Washington – US President Donald Trump’s administration declined to name any major trading partner as a currency manipulator in a highly anticipated report on Friday, backing away from a key Trump campaign promise to slap such a label on China.
The semi-annual US Treasury currency report did, however, keep China on a currency “monitoring list” despite a lower global current account surplus, citing China’s unusually large, bilateral trade surplus with the United States.
China and Germany are not manipulating the value of their currencies to gain an unfair trade advantage, but both should do more to reduce their large trade surpluses with the United States, the Treasury Department said Friday.

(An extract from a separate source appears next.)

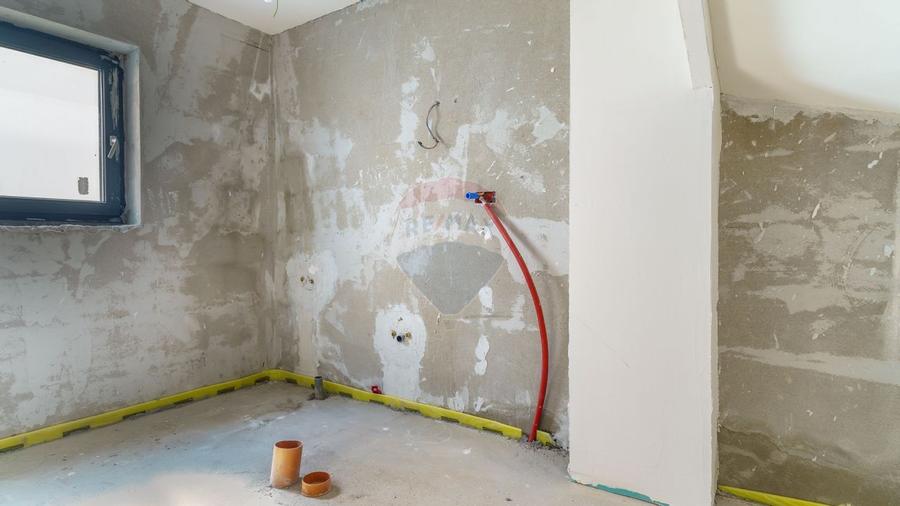 De vanzare duplex modern cu 4 camere, gradina si garaj, Baciu (Petrom)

The decision was expected after President Donald Trump this week reversed himself and said China was not a currency manipulator, according to AFP.
Five other trading partners who were on last October’s monitoring list — Japan, South Korea, Taiwan, Germany and Switzerland — also remain on the list, ensuring that the Treasury would apply extra scrutiny to their foreign exchange and economic policies.
The Treasury report recognized what many analysts have said over the past year, namely that China has recently intervened in foreign exchange markets to prop up the value of its yuan currency, not push it lower to make Chinese exports cheaper.
The Treasury also warned that it will scrutinize China’s trade and currency practices very closely and called for faster opening of China’s economy to US goods and services and a shift away from exports to more domestic consumption.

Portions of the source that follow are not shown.